A rotina exaustiva da vítima
A rotina da empregada era desgastante. Desde as 4h da manhã, ela tinha que preparar o café da família Liu, seguindo seu trabalho na clínica do influenciador, muitas vezes até altas horas da noite. Inicialmente, a mulher dormia em um sofá e, mais tarde, em uma maca dentro da clínica, cuja irregularidade era conhecida, mas ignorada.
A situação se agravou em 2022, quando a vítima enfrentou ameaças da esposa de Liu.

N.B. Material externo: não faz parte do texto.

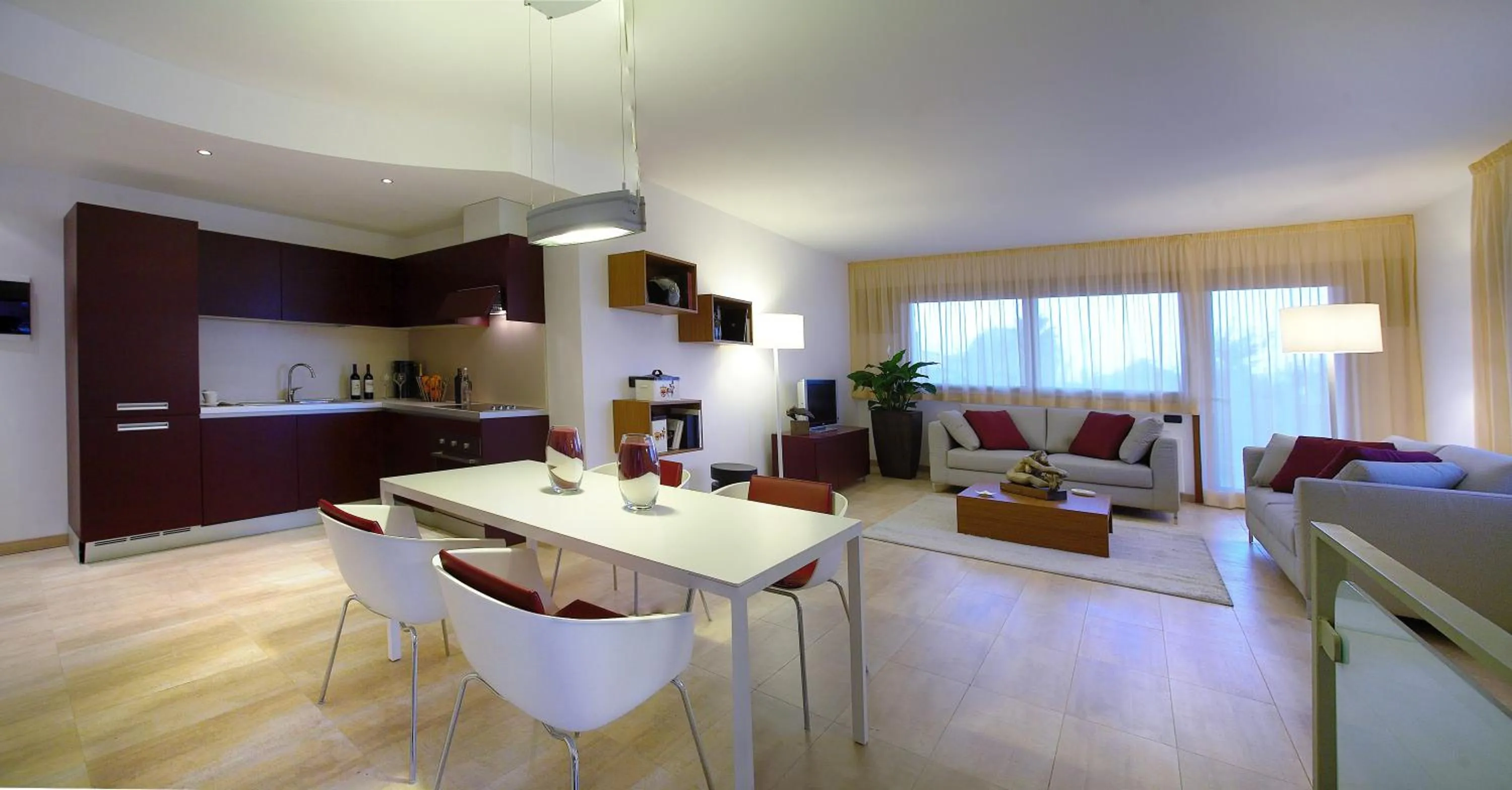 Photo of the whole room in Catania Hills Residence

Essa pressão a levou a buscar ajuda jurídica e eventualmente a romper o vínculo que a prendeu por 30 anos à família Liu. Hoje, ela está sob os cuidados da filha de Peter Liu, com quem desenvolveu um laço forte ao longo dos anos.
As contranarrativas dos réus
Durante o processo, Peter Liu e sua família tentaram contestar as alegações, afirmando que a relação com a empregada era de natureza familiar e não de exploração. Eles argumentaram que a mulher sempre teve condições dignas de habitação e que a relação era de “assistência gratuita”, afirmando que nunca houve restrição de liberdade.
Apesar de negar que houvesse um vínculo empregatício, Liu e seus filhos não contestaram a ausência de pagamento de salários ao longo dos anos. Em sua defesa, mencionaram que sempre forneciam valores quando solicitados pela empregada, o que foi considerado insuficiente pela Justiça.
Impacto nas redes sociais
A condenação de Liu repercutiu rapidamente nas redes sociais, levando mais de duas mil pessoas a deixarem de segui-lo em suas plataformas online. Antes da notícia de sua condenação, o influenciador contava com cerca de 950 mil seguidores em uma de suas contas. Agora, sua imagem pública está em queda livre, e resta saber como ele irá responder a essas acusações e reparações financeiras.
Este caso exemplifica não apenas os problemas do trabalho análogo à escravidão no Brasil, mas também levanta questões sobre a responsabilidade de figuras públicas em suas ações, especialmente em ambientes que misturam vida pessoal e profissional. O caso de Peter Liu será acompanhado de perto e pode servir de alerta sobre o potencial de exploração dentro de relações aparentemente harmônicas.
A Justiça, em sua decisão, envia uma mensagem clara sobre a gravidade da exploração laboral e a importância de proteger aqueles que ocupam posições vulneráveis na sociedade. A luta pela dignidade e pelos direitos humanos continua, e casos como este ressaltam a necessidade urgente de fiscalização e punição eficazes para trabalhar nessa questão.
A reportagem permanecerá em atualização conforme novas informações sobre o caso surgirem.